義肢装具士の臼井二美男さん。履く人の気持ちに寄り添い、一つ一つ手作りされる義足は切断した足にぴったりフィットすると評判 撮影/高樹ミナ
◆衝撃の写真集がファッションショーへ発展
臼井さんに共感した越智さんは2013年、OLやアーティスト、アスリートら義足の女性たちにフォーカスした撮影プロジェクトを開始。手始めに写真展を開くと国内外で話題となり、翌年5月には『切断ヴィーナス』というセンセーショナルな写真集の発行にもこぎつけた。モデルの中にはリオデジャネイロパラリンピックの閉会式に出演した日本初のアンピュティー(四肢切断者)モデルのGIMICOさんもいる。「臼井さんの義足じゃなかったら、モデルをやろうとは思わなかった」とGIMICOさん。それほど臼井さんの作る義足は障害者に生きる希望を与えている。
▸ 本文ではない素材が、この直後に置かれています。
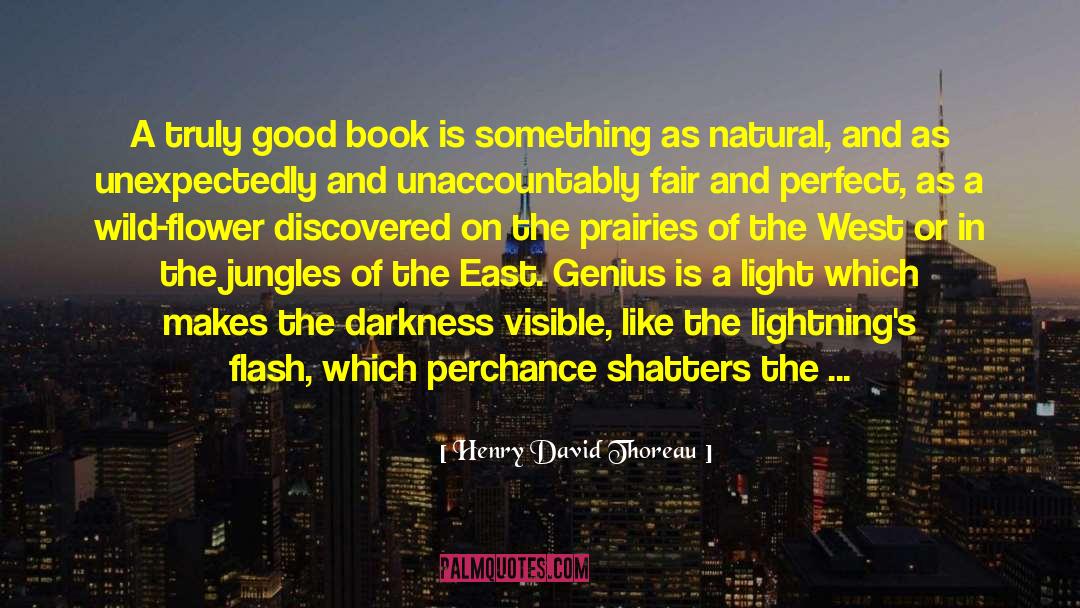 Chapter Books quotes by Henry David Thoreau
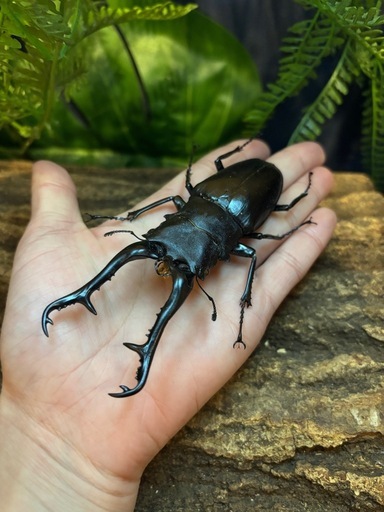 超大型】 ギラファノコギリクワガタオス113ミリ標本 (ゆうと) 北朝霞の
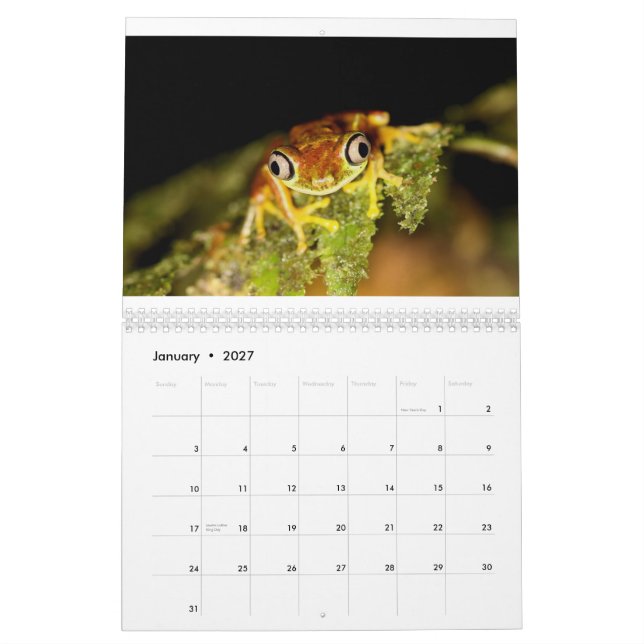 Costa Rica Calendar (Jan 2027)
『切断ヴィーナス』発行の翌年、繊維業が盛んな石川県中能登町から声がかかり、夏祭りの華やかな舞台に11人の義足の女性たちが立った。この切断ヴィーナスファッションショーはバリコレの原型になったとも言えるだろう。
その数ヶ月後、この義足の女性達は、切断ヴィーナスとして、大阪で初めて行われた「バリコレ」のステージに立ち、多くの観客を魅了した。
彼女達は今年も「バリコレ」の舞台で、他の出演チームと一緒に、観客にまったく新しい「障害者」のイメージを伝え続けている。
「こんなファッションショー、世界中を見わたしてもないよね。どのモデルさんもかっこよかったし、観客の皆さんも大歓迎してくれた」
障害があっても臆せず社会に出ていけるようにという機運は近年、高まりを見せている。バリアフリーファッションショーのような事例は、障害者と健常者が同じ目的を共有し団結することで、自然と障害の壁を取り払える良い例だ。「心のバリアフリー」とも呼ばれる多様性を認め合う社会の実現は、こうした環境をいかに作り出せるかにかかっていると言えるだろう。